16 Jun 2016 | Sgt. Ian Leones Marine Corps Forces Reserves

 Marines with Company C, 6th Engineer Support Battalion, 4th Marine Logistics Group, Marine Forces Reserve, based out of Peoria, Illinois, participated in exercise Red Dagger at various training locations across the northeast United States, June 3-17, 2016.

    The Marines were joined by commandos from the 131 Commando Squadron Royal Engineers, British army, to complete the third consecutive iteration of this bilateral training exercise.

    Last June, the Marines of 6th ESB traveled to Dartmoor, England, to conduct training that is normally outside of their comfort zone, such as mountain climbing and rappelling.

    "We were there in 2015 and ran several training events across the southern portion of the country,” said Capt. Aaron R. Scroggins, the company commander, Company C, 6th ESB. “The year prior to that, we were in Quantico, Virginia, working on improvements of the base.”

    This year’s training began at Fort Dix, New Jersey, where the troops conducted rifle, pistol and demolition ranges.

      “We based all of these ranges on how the Marine Corps trains,” Scroggins said. “When we went to the pistol range, we used the Marine Corps pistol qualification as the basis for the training. We based our rifle training around Table Two and built on it from there. For demolitions, since both of our units share that capability, we based it off our schoolhouse training.”

    For the British commandos, familiarization with the Marines’ weapon systems and techniques proved to be valuable knowledge.

    "I really like to work with foreign weapons and equipment to work out the pros and cons of it," said Staff Sgt. Andy Higgins, troop staff sergeant with 131 CSRE. "I think it broadens my horizons within the military to use equipment like the M16."
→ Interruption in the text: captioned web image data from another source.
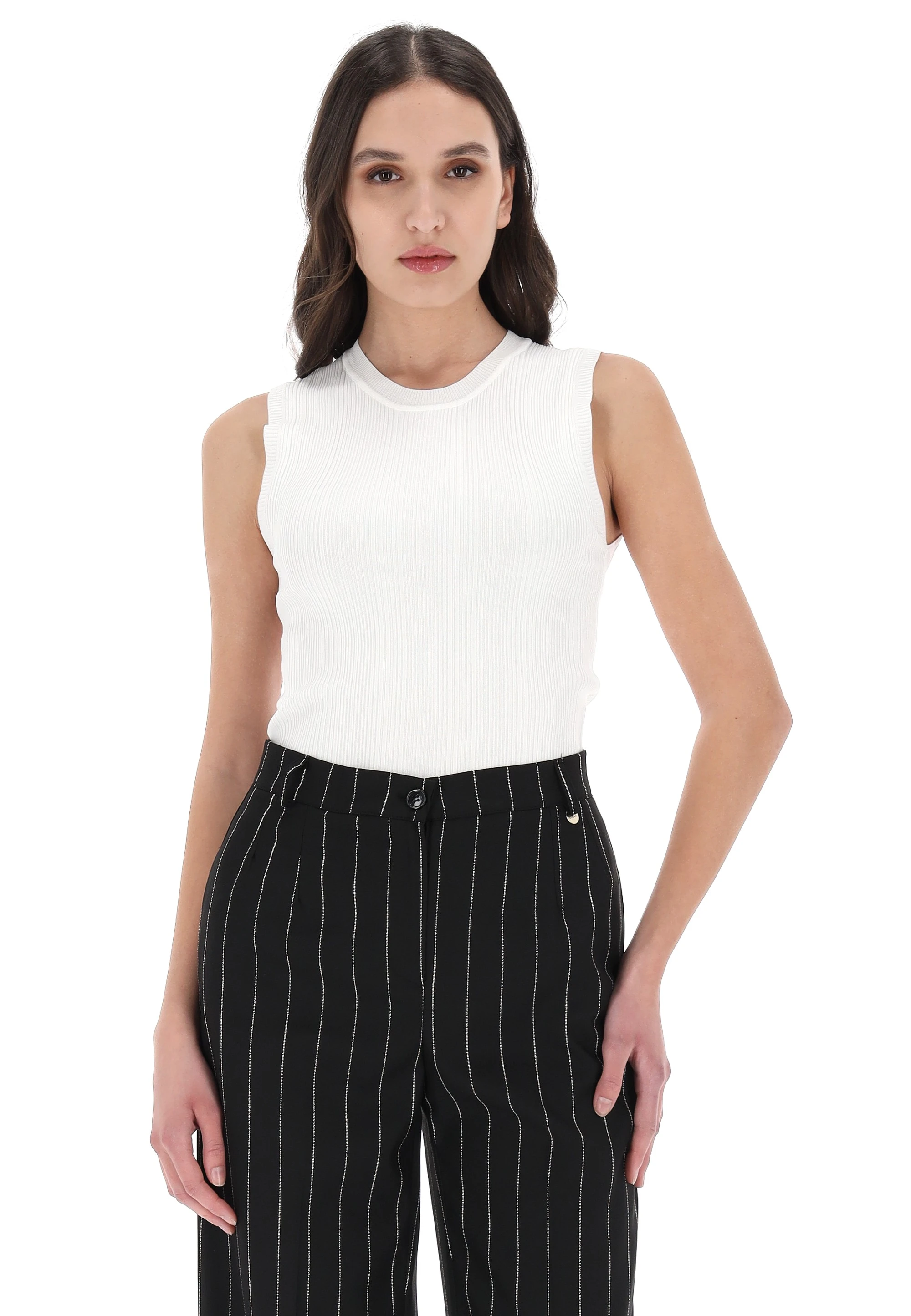 dress-image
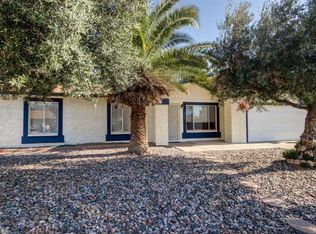 615 W Portobello Ave, Mesa, AZ 85210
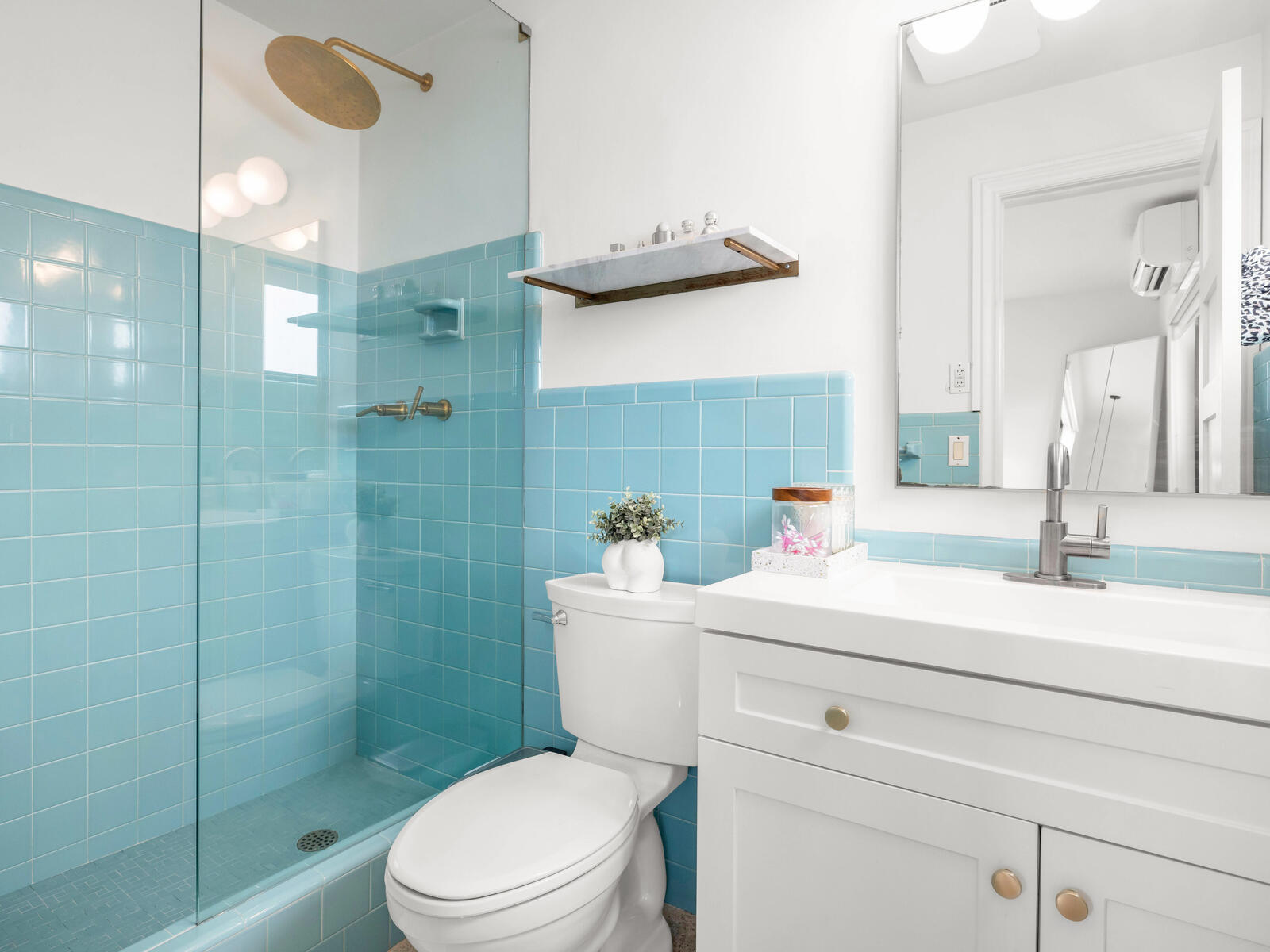 POMPANO WATERWAY ESTATES - Residential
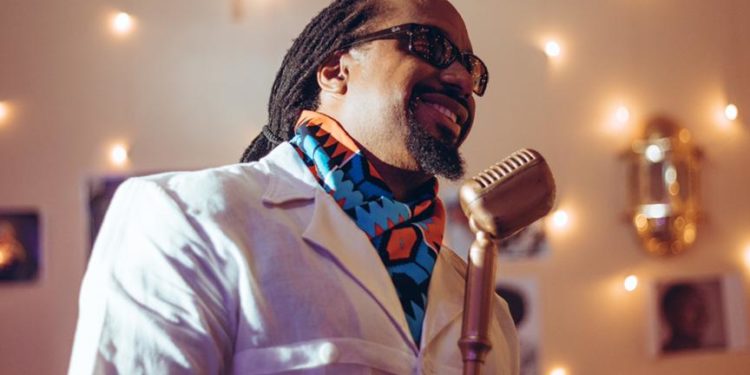 Navio, Elly Wamala join forces on new song 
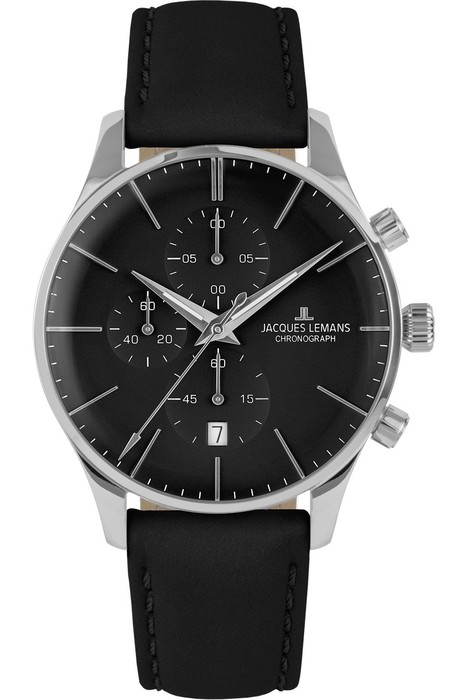 Часы Jacques Lemans 1-2163A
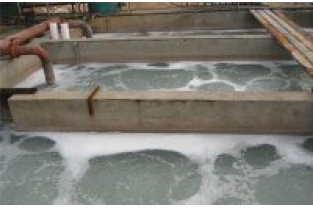 【干貨】皮革行業(yè)廢水氨氮處理需要注意哪些問題？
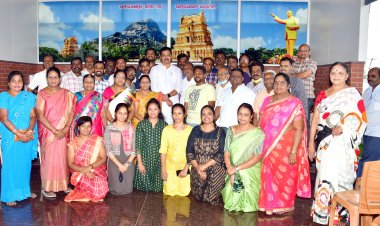 ಆರ್ಯ ವೈಶ್ಯರಿಗೆ ರಾಜಕೀಯ ಅಧಿಕಾರ: ಶಾಸಕ ಆರ್. ರಾಜೇಂದ್ರ ಭರವಸೆ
    The Marines and commandos then moved to Fort Indiantown Gap, Pennsylvania, to conduct engineering operations, which included various construction and renovation projects.

    “We have been able to work on several constructions projects, which include construction of a parking lot by our motor transport support Marines, and various building improvements and renovations around Fort Indiantown Gap by our combat engineers,” Scroggins said.

    Having integrated the Marines and British commandos into three platoons for the duration of the training, the troops completed a final field exercise, a simulated engineering mission in support of a regimental combat team.

    “For our final field exercise, we are mentoring and evaluating our platoon commanders because the platoons are integrated with Marines and the British commandos.” Scroggins said. “Right now we have two Marine lieutenants serving as platoon commanders and a British commando lieutenant serving as the third. We’ve mixed it up by giving each platoon commander a platoon sergeant from the other unit. By doing that and keeping a good mix all around, we’ve been able to get that integration, the best practices from each unit and really nail down how to work together effectively.”

    Even though the troops do not share the same procedures, they are able to build off of each other’s knowledge and gain respect for each other’s strengths.

    "They have a very different way of doing things, but it often leads to the same end result," said Lance Cpl. Matthew J. Wolfe, a team leader with Company C, 6th ESB. "The biggest thing I've learned from them is an attitude. Those guys stay positive no matter what. I’ve never heard them complain once. It’s very humbling and eye opening.”The eye opening exchange of ideas drives this exercise and builds a lasting relationship with a partner nation.

    “Overall, Red Dagger has been an outstanding event in just building personal relationships and being able to use that to build better Marines,” Scroggins said. “Every time that these Marines come away from something like this, it creates massive changes on how they view the world. They get to see how other nations do things, then turn around and ask how they can improve and what other things they can do to become more effective."With plans to keep the exercise going well into the future, the Marines of Company C will continue to keep their skill sets relevant and be ready to respond when the nation calls.